Records contained in a dataset:
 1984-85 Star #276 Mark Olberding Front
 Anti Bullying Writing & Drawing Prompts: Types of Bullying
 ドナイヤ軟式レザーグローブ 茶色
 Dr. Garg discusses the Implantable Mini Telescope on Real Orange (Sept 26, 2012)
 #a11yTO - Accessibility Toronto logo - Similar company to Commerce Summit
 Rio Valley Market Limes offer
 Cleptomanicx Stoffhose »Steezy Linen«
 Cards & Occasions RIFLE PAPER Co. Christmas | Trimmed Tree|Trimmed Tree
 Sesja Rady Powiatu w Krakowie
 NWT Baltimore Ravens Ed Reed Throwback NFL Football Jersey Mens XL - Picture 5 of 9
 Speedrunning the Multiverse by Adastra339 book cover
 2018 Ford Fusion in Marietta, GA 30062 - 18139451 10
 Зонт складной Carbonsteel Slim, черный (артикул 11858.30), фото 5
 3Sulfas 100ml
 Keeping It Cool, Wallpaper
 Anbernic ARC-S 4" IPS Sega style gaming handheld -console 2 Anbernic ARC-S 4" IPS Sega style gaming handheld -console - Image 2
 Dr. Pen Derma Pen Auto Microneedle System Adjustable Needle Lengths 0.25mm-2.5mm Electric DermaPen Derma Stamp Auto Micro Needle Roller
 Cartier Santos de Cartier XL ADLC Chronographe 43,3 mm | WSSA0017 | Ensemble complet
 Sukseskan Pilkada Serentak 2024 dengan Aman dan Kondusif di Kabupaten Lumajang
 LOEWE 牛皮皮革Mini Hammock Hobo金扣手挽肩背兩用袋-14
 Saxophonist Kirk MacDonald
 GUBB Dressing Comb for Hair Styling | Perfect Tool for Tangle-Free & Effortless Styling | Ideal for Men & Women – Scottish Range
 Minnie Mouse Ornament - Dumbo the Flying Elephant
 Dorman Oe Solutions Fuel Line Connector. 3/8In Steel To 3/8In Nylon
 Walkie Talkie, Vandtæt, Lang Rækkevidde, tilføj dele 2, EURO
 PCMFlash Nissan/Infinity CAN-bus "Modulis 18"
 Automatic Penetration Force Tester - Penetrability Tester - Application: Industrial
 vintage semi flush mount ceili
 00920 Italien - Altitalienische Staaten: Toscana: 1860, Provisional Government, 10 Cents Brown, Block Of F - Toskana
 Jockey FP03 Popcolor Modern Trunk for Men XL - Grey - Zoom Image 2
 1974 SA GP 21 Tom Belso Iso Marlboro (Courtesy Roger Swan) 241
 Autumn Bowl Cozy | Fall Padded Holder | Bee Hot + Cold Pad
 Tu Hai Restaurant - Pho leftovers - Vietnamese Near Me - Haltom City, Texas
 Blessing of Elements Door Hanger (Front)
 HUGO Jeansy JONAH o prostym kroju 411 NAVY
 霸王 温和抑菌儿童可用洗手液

What to produce:
Start at the first line of the entries and stop at the line with "Minnie Mouse Ornament". Retype each of those lines exactly, both ends included.

Result of this task:
 1984-85 Star #276 Mark Olberding Front
 Anti Bullying Writing & Drawing Prompts: Types of Bullying
 ドナイヤ軟式レザーグローブ 茶色
 Dr. Garg discusses the Implantable Mini Telescope on Real Orange (Sept 26, 2012)
 #a11yTO - Accessibility Toronto logo - Similar company to Commerce Summit
 Rio Valley Market Limes offer
 Cleptomanicx Stoffhose »Steezy Linen«
 Cards & Occasions RIFLE PAPER Co. Christmas | Trimmed Tree|Trimmed Tree
 Sesja Rady Powiatu w Krakowie
 NWT Baltimore Ravens Ed Reed Throwback NFL Football Jersey Mens XL - Picture 5 of 9
 Speedrunning the Multiverse by Adastra339 book cover
 2018 Ford Fusion in Marietta, GA 30062 - 18139451 10
 Зонт складной Carbonsteel Slim, черный (артикул 11858.30), фото 5
 3Sulfas 100ml
 Keeping It Cool, Wallpaper
 Anbernic ARC-S 4" IPS Sega style gaming handheld -console 2 Anbernic ARC-S 4" IPS Sega style gaming handheld -console - Image 2
 Dr. Pen Derma Pen Auto Microneedle System Adjustable Needle Lengths 0.25mm-2.5mm Electric DermaPen Derma Stamp Auto Micro Needle Roller
 Cartier Santos de Cartier XL ADLC Chronographe 43,3 mm | WSSA0017 | Ensemble complet
 Sukseskan Pilkada Serentak 2024 dengan Aman dan Kondusif di Kabupaten Lumajang
 LOEWE 牛皮皮革Mini Hammock Hobo金扣手挽肩背兩用袋-14
 Saxophonist Kirk MacDonald
 GUBB Dressing Comb for Hair Styling | Perfect Tool for Tangle-Free & Effortless Styling | Ideal for Men & Women – Scottish Range
 Minnie Mouse Ornament - Dumbo the Flying Elephant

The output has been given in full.